Quote all of the data exactly as given. Skip every picture it contains.

## Records provided
################

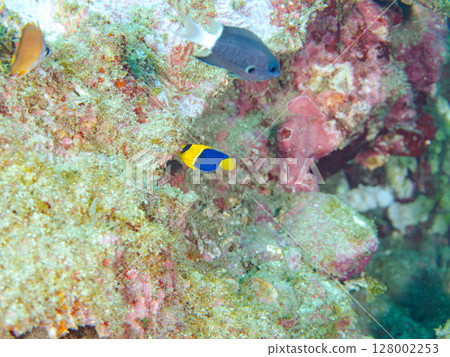 Cute young angelfish and others. A school of blue-green damselfish and others. Hirizohama Nakagi Minamiizu Town Izu Peninsula Shizuoka Prefecture 2024 Cute young angelfish and others. A school of blue-green damselfish and others. Hirizohama Nakagi Minamiizu Town Izu Peninsula Shizuoka Prefecture 2024 128002253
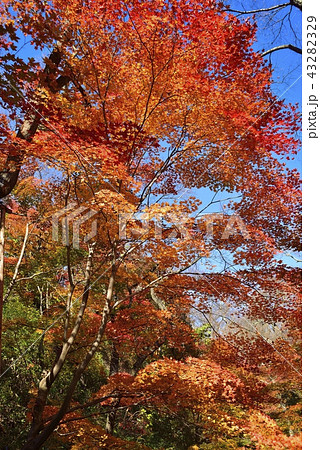 長野県　風景　秋の高遠城址公園 43282329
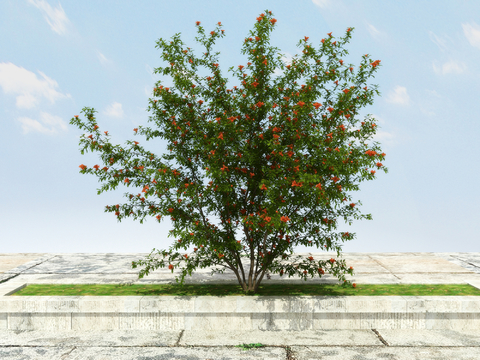 Pomegranate tree flowering tree flower trough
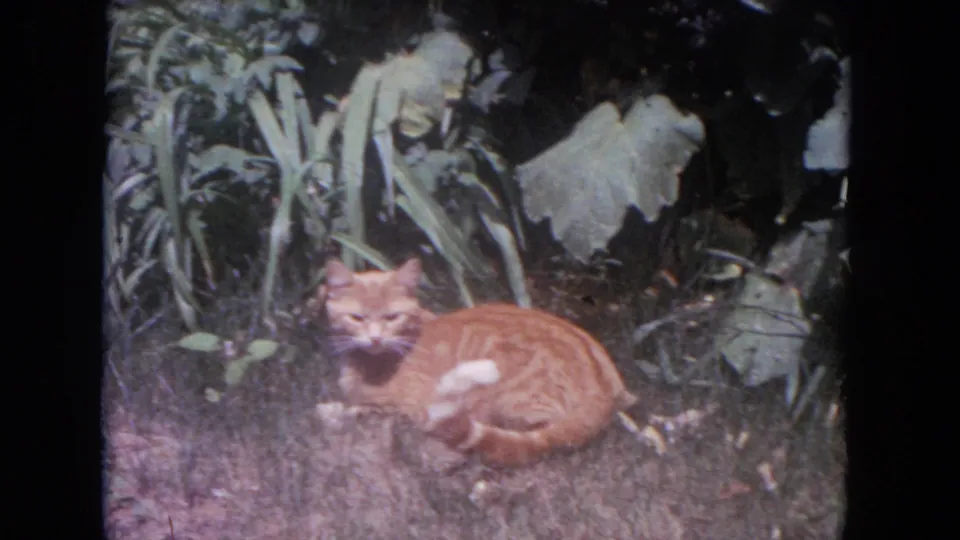 Ginger tabby cat lounges in grass near broad garden leaves in 1972 Lake Geneva home-movie footage.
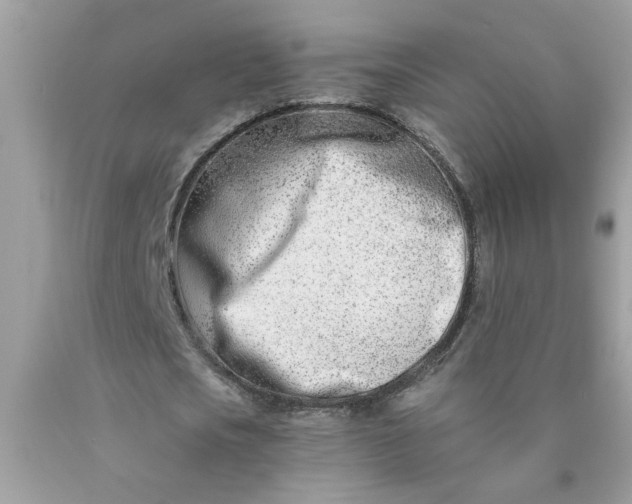 X0000090420721200707272110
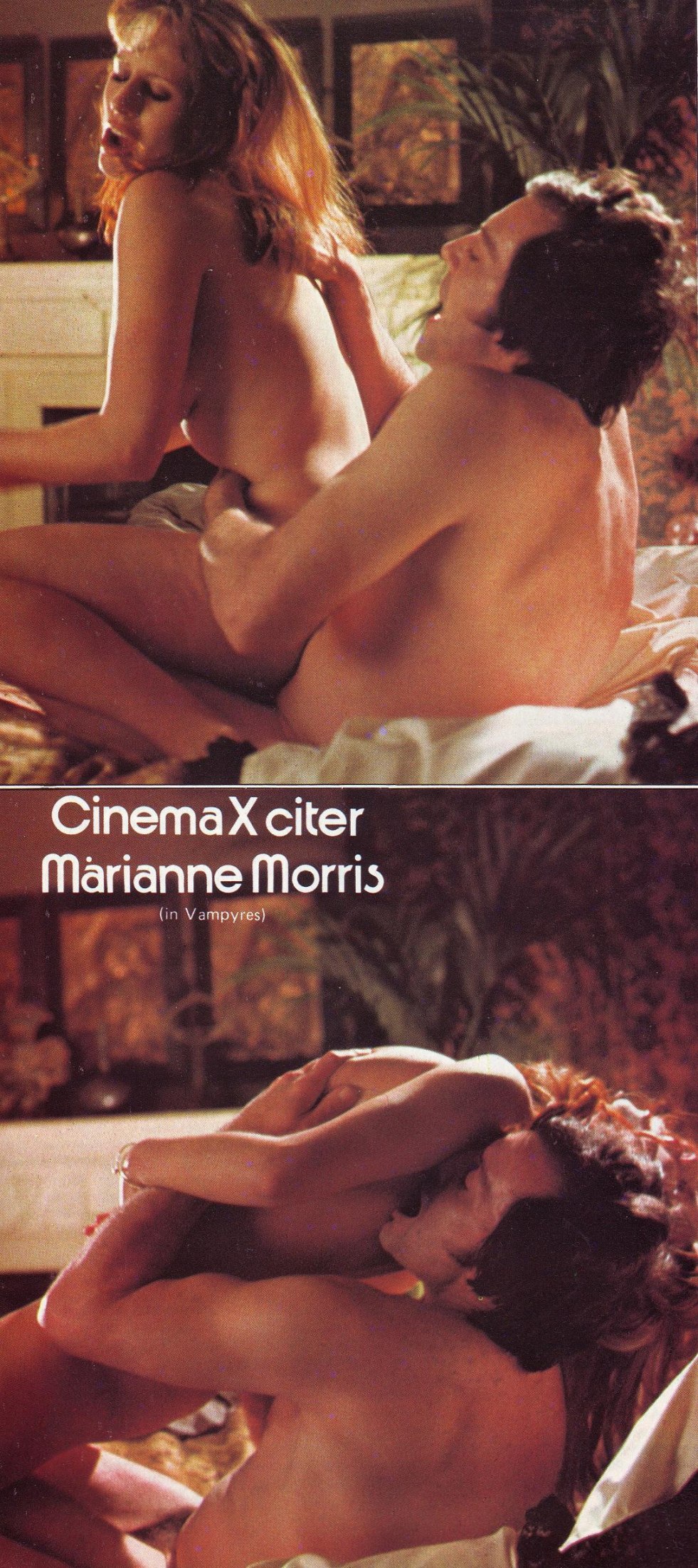 Marilyn Lange (Marilyn Lange) 18+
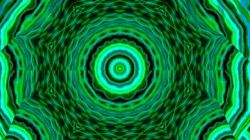 image: image from circular 1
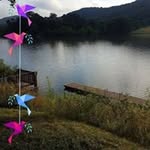 Bob Barone - @baronebob - Instagram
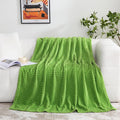 Puncuntex Flannel Fleece Throw Blanket Apple Green 60"×80", Super Soft Plush by Puncuntex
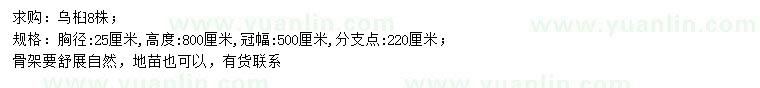 求購胸徑25公分烏桕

################

## Output of the task
 Cute young angelfish and others. A school of blue-green damselfish and others. Hirizohama Nakagi Minamiizu Town Izu Peninsula Shizuoka Prefecture 2024 Cute young angelfish and others. A school of blue-green damselfish and others. Hirizohama Nakagi Minamiizu Town Izu Peninsula Shizuoka Prefecture 2024 128002253
 長野県　風景　秋の高遠城址公園 43282329
 Pomegranate tree flowering tree flower trough
 Ginger tabby cat lounges in grass near broad garden leaves in 1972 Lake Geneva home-movie footage.
 X0000090420721200707272110
 Marilyn Lange (Marilyn Lange) 18+
 image: image from circular 1
 Bob Barone - @baronebob - Instagram
 Puncuntex Flannel Fleece Throw Blanket Apple Green 60"×80", Super Soft Plush by Puncuntex
 求購胸徑25公分烏桕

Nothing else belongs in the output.